The boardgame Crossfire was the definition of 90’s “EXTREME” maximalism. Just remember the ad: Thunderdome-style arena, fingerless gloves, lightning, leather, and flashing smoke all conspired to convince impressionable young me that this ball-bearing gun-soccer deathmatch was the most intense experience available to mankind.
Reality is more tempered and smaller than it appears on TV, including Crossfire. Intense only in glimpses, it was much more likely to blister your trigger finger and fire tiny metal spheres across the house, lost until the heat death of the universe. The game could be occasionally fun, but occasional fun isn’t what we were sold. We were sold postapocalyptic hell in a box.
Hecticube’s creator Graham Reid is selling something, too. He stands out at PAX East for being somewhat reserved, sharply dressed in business casual attire against a backdrop of oversized cardboard weaponry. It’s his and Hecticube’s first time at such an event, and he’s eager to approach folks who might want to check out his initial go at game design—but at the same time, he doesn’t want to be a bother. As such, he’s the inverse Crossfire’s TV ad.
Which is interesting, because Hecticube better approximates the potential spectacle of Crossfire, downsized to tablet dimensions. Each player has a paddle they’re trying to defend from a large central block, which is getting banged around the screen by the tiny cubes flung from each players’ thumbs. The tiny cubes hit the big cube and hopefully nudge or bash it to the other side, hitting the opposite paddle, knocking it senseless for a second and shrinking it. When it’s shrunk to nothing, that player has lost.
Hecticube is a perfect portmanteau, then, to describe this chaos, and it’s got a sharp flat sensibility that keeps the focus on the game. The few visual flashes have meaning and the mayhem is kept discernible. Each match is personal, requiring both players and their physical digits on a single tablet, with no plans for any attempts at online matchmaking. Reid is working on an AI opponent for single-player potential, but it’s very much in progress, and he says he’s learning as he goes.
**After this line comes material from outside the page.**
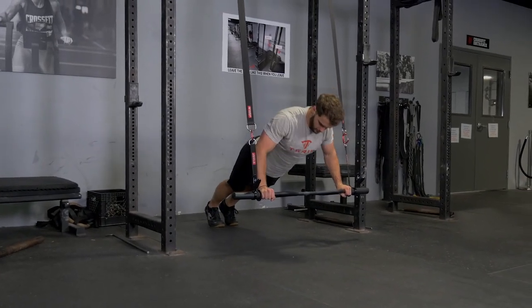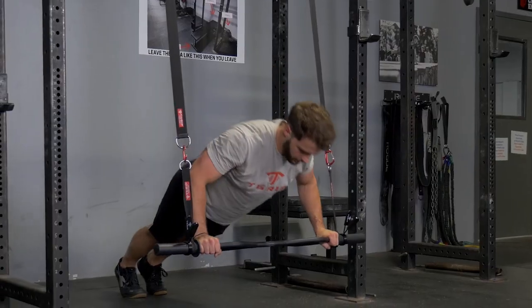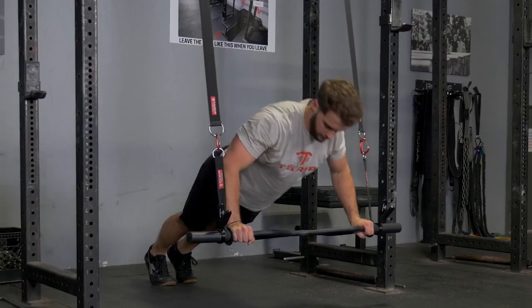The suspension push-up, using your original T-grip bar with a wide overhand grip, trains your chest, front deltoids, and triceps.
Balance is key in AI of course—it doesn’t have the weakness of joints and muscle holding it back—so Reid is working on programming in the capacity for human error.
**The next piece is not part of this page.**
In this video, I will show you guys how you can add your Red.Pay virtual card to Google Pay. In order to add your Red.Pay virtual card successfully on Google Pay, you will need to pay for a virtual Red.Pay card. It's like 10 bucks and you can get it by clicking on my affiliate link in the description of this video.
With Crossfire, human pre-teens were presented as something more fabricated, intense, super-powered. Sadly, we weren’t, and the real Crossfire couldn’t compensate for the drudgery of broken plastic and lost ammunition. Hecticube has transposed that dream: it’s the computer that must approach humanity. And even then, nothing beats a grudge match with two players and their attendant eyes locked downward, with flailing thumbs and flying cubes.